These sentiments have been echoed by other brokerages and property agents, with Savills reporting a surge of interest from Greek and Spanish investors in particular seeking a safe haven for their money. It has claimed that the number of Greeks searching for homes costing more than £1.5m jumped 39% in April compared with the average for the preceding six months. Interest from Spanish buyers grew by 14% over the same period.

Knight Frank is another keen observer of such trends and its own research indicated interest from other parts of Europe was also keen, with a 153% year-on-year surge in searches from Portugal and a 46% spike in Italian traffic.

In addition to countries afflicted by the Eurozone crisis, there remains a high level of interest from Russia, the Middle East and Far East. The former has long had a reputation as a heavy investor in property in the capital thanks to high-profile buyers such as Chelsea owner Roman Abramovich, but borrowers from the second region are becoming just as common at present. Europe may have been blighted by economic uncertainty, but in the Middle East it is the political unease that has caused problems.

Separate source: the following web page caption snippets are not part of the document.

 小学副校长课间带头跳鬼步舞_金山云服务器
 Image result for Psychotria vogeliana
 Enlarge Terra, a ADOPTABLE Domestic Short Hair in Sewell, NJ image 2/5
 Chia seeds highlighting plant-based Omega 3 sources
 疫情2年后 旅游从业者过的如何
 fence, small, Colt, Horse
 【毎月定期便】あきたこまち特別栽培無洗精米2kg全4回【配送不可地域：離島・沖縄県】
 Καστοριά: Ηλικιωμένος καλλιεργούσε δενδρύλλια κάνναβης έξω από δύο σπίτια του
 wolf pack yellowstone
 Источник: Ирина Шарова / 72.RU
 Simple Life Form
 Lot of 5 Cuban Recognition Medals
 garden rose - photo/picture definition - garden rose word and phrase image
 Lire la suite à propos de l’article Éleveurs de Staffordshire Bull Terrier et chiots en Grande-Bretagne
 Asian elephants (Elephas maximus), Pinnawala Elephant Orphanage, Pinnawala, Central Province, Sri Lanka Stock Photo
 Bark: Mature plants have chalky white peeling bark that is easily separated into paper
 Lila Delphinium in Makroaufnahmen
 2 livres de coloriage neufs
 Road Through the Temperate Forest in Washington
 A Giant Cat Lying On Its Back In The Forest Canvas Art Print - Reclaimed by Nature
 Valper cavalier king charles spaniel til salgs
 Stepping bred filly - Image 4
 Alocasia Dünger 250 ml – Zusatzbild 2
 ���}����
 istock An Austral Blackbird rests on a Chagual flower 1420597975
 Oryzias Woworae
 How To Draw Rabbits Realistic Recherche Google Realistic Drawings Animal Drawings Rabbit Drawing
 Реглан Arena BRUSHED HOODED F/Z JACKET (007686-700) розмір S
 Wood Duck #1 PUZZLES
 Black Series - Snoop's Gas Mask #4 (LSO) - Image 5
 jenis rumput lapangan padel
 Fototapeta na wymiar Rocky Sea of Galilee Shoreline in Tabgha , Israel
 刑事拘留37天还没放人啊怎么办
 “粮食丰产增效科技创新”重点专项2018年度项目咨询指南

Some banks are becoming increasingly uncomfortable lending to clients whose money originates from countries where there has been such unrest and as a result, a number of perfectly legitimate clients from these countries have been affected. We recently helped a Libyan client who had experienced difficulties with his private bank and needed to refinance his London residence and I’m sure there will be a number of similar cases as the sensitive situation rumbles on.

The high net-worth mortgage sector has been able to pretty much carry on regardless as the mainstream market lurches from one drama to another, but this may not have been possible were it not for the influx of interest from overseas, both in terms of investors and the institutions stumping up the cash.

The UK economy may have taken something of a pounding over the past five years, but we should take some encouragement from the fact that our reputation among our European and global peers as a relatively safe haven for investment and an aspirational destination to own property, has not.